Amid Immigration Crisis, New Details About Abuse in Detention Centers Emerge

News
By the Web Editors 8-03-2018
Image via REUTERS/Callaghan O'Hare. 

As hundreds of immigrant families await reunification amid the family separation crisis, new scrutiny on detention centers has revealed a host of additional horrors.

The Washington Post reported this week that a toddler died shortly after being released from Dilley South Texas Family Residential Center — a detention center in Dilley, Texas. A Houston-based immigration attorney alleged “negligent care” in a series of tweets on Tuesday. ICE officials say they have no record of an incident while a child was in custody and have no way to confirm reports without a name or record.

In a detention center in Mesa, Ariz., a worker has been charged with sexually abusing at least eight unaccompanied immigrant boys over nearly a year. Casa Kokopelli, where most of the abuses took place, was cited by the Arizona Department of Health Services in 2017 for not completing background checks on their employees to ensure employees hasn’t committed sex offenses.

A 6-year-old girl who was separated from her mother was also sexually abused in an Arizona detention center, immigrant rights activists. The Nation reports the girl was abused by a fellow detainee and was forced to sign a statement that said it was her responsibility to stay away from the abuser. The form, part of the facility’s intervention protocol, instructed her to maintain distance from the other youth involved and understood that “it is my responsibility to follow the safety plan.”

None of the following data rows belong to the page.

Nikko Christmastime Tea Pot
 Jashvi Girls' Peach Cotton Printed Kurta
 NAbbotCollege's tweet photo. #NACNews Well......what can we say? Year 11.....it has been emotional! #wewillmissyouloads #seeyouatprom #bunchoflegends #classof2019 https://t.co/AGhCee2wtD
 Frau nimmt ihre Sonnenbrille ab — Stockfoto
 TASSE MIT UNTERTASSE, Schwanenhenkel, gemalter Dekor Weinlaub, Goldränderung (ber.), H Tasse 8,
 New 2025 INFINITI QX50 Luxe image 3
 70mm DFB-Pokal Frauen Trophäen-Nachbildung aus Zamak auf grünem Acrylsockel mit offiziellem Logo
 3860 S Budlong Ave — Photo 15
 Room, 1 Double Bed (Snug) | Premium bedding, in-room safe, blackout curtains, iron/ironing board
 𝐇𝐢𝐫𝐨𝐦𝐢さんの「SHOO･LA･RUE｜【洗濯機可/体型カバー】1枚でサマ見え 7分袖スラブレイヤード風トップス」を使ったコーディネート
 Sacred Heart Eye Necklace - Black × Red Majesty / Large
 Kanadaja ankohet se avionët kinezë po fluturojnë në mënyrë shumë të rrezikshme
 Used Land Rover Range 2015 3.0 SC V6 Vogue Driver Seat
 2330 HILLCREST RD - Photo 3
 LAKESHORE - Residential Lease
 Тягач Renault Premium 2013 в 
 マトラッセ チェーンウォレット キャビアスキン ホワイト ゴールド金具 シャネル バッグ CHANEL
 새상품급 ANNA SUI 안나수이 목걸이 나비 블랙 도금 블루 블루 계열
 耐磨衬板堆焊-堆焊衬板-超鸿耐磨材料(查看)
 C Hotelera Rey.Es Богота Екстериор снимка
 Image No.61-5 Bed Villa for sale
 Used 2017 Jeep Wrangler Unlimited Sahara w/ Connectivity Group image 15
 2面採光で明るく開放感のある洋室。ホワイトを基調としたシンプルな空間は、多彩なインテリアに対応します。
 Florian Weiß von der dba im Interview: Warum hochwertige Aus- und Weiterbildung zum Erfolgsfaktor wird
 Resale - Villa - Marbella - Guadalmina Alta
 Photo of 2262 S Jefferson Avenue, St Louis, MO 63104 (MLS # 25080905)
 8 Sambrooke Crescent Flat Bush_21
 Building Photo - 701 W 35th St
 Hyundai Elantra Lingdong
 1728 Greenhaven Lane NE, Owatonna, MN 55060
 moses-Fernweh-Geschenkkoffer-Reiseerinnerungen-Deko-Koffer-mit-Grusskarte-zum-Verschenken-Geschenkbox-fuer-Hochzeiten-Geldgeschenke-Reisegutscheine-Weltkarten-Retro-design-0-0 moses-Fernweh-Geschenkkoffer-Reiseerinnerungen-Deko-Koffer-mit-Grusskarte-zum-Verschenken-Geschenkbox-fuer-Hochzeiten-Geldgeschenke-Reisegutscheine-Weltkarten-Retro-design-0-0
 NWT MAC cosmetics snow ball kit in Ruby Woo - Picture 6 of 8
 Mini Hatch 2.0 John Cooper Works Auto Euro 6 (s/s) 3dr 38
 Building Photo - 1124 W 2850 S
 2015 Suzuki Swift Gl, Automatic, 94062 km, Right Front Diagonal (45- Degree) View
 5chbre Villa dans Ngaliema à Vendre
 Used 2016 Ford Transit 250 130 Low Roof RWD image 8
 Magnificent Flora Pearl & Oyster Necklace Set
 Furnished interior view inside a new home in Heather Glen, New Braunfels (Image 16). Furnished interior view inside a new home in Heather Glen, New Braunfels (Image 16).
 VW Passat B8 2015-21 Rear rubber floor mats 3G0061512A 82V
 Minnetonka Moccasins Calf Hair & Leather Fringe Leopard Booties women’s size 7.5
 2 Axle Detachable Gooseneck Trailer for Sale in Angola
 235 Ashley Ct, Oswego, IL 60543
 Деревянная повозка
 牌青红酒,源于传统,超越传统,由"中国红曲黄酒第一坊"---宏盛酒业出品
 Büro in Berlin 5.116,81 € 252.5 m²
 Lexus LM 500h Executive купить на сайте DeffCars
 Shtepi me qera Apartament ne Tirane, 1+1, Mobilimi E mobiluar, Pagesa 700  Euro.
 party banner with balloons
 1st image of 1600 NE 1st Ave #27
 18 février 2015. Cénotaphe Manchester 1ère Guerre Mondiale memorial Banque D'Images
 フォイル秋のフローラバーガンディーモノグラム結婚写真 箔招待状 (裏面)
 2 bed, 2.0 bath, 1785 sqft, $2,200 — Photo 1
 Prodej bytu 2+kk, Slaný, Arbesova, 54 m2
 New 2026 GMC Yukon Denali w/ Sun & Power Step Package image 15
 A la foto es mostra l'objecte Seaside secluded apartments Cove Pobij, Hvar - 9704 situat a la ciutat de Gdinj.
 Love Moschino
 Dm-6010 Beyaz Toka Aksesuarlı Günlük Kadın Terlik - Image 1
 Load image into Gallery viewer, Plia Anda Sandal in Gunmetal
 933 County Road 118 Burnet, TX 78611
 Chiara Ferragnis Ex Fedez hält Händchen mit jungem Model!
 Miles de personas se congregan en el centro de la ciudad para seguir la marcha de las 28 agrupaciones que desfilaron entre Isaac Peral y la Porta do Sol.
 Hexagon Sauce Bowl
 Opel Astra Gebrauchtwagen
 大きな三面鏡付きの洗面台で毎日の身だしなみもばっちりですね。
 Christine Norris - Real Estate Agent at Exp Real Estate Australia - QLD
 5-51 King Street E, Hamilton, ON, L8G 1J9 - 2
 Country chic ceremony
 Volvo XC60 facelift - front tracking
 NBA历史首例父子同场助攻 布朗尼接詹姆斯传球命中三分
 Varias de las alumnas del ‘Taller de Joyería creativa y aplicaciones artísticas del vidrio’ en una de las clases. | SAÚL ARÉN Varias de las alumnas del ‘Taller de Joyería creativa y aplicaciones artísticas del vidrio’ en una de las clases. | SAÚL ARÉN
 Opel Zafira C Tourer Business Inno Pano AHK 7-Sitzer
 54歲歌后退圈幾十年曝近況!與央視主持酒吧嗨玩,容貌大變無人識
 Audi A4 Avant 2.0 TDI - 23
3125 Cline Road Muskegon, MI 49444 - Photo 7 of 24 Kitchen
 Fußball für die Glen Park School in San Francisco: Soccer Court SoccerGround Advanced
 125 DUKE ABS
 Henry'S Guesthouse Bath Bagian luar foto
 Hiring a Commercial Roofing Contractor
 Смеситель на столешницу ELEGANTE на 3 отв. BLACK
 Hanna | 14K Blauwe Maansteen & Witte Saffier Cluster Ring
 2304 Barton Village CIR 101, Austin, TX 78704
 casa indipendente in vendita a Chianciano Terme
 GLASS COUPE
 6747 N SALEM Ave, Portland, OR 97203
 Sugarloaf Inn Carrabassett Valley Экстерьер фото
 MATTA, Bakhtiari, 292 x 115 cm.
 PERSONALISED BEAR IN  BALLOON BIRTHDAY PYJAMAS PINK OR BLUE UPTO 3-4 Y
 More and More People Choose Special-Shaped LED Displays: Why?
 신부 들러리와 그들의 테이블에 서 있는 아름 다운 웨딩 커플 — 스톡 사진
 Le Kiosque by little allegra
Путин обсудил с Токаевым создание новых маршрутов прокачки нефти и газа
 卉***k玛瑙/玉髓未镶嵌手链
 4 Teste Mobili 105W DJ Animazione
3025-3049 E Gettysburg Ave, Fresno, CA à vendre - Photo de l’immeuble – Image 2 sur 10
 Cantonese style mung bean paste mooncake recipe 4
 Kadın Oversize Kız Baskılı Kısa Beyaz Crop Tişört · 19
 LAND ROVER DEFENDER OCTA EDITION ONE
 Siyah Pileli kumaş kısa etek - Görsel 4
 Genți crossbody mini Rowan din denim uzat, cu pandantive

Immigrants have described the conditions in detention centers as “hieleras,” the Spanish word for ice boxes, and “perreras,” the Spanish word for dog pounds. In Laredo, Texas, a mother fleeing violence in Honduras with her two young sons said in a statement that they family was forced to sleep on the hard floor of the holding cell, clothes still wet from crossing the Rio Grande. Mothers also said they were given little to no food and are unable to produce enough breast milk to feed their children.

Harsh conditions and family separations in the detention centers have surfaced repeatedly in the past years. Detainees reported watching mothers separated from their children, put in separate cells and unable to touch them, trying to reach their children through the metal bars. Officials pulled the children away and yelled at the mothers for attempting to reach their children.

The administration is scheduled to include their plan for reuniting parents that have been deported or released in the U.S. with their children, who remain in U.S. custody, at a status conference is set for Friday.